Lonely? Pressure? Burden?
You all are enrolled in one of the most prestigious schools in the country, which means you are among the best and brightest. Most of you are hopefully preparing to enter the criminal justice system, where your black perspective is sorely needed. Certainly you are all familiar with the book, “The New Jim Crow,” where attorney Michelle Alexander shows how prison has become the new plantation for black and brown people. You witnessed George Zimmerman’s not guilty verdict in the death of Trayvon Martin. And now “stand your ground” has deadlocked a jury on whether to convict Michael Dunn of murder in the shooting death of Jordan Davis. But instead of “facing the rising sun” and marching on, you turn a video camera on yourselves and whine?

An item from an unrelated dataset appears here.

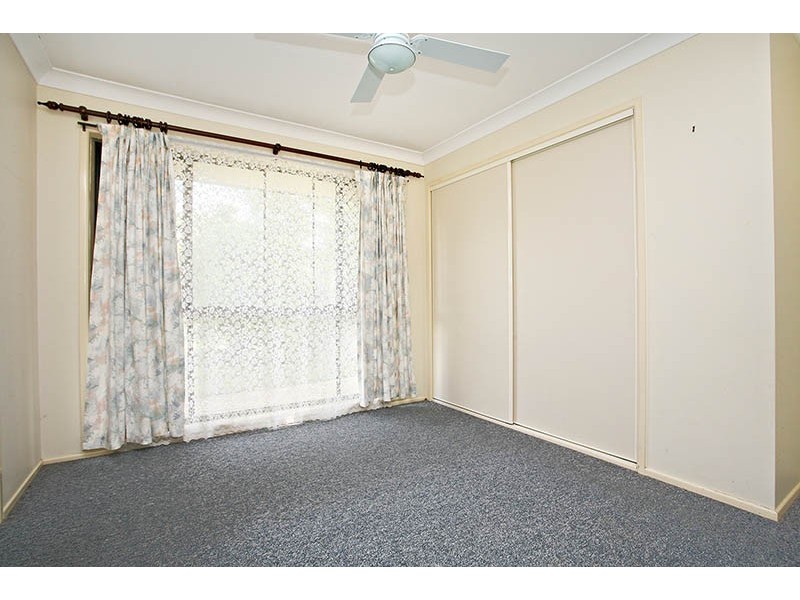 4 Dracon Street, Regents Park QLD 4118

Don’t misunderstand me. I actually get where you all are coming from. You see, growing up in the late 70s and 80s in Brooklyn, NY, I went through a traumatic academic experience. I was bussed away from my black low-income neighborhood to predominantly white middle class public schools. In middle school when we “bus kids” (that’s how they labeled us) stepped out onto the streets, we faced a gauntlet of screaming mad grown white folks spewing hateful threats of death for attending their school. We bus kids had to plead our humanity. We felt that we were in another country. Our parents told us that we had better police ourselves because we were representing our entire race. And to think, we were only children.

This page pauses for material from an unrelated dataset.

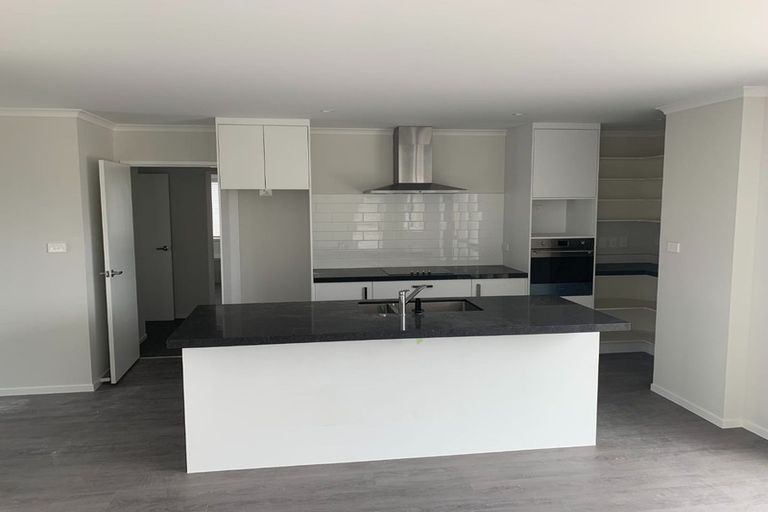 Photo of property in 16 Anglers Way, Omokoroa, 3114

Have you all had it so good up until now perched upon the shoulders of previous generations that have sacrificed for you that you are now rejecting your birthright? How can your feet already be weary at “the place for which our father’s sighed?”
Sorry, but you’re not facing pressure. You’re facing your duty. Pressure is sneaking into the plantation down the road to set your wife free. Pressure is going to war for America in the hopes that your death will enable generations of black children to live free. Pressure is raising five children on your own in poverty because your deadbeat husband split.
What pressured W.E.B Dubois at Harvard into becoming the first African American to earn a Ph.D.? What burdened Paul Robeson while being an all-American athlete, multitalented artist and scholar at Rutgers who went on to earn a law degree at Columbia University? What loneliness drove Jane Bolin to not only become the first African American woman to graduate from Yale Law, but the first black woman judge in the United States?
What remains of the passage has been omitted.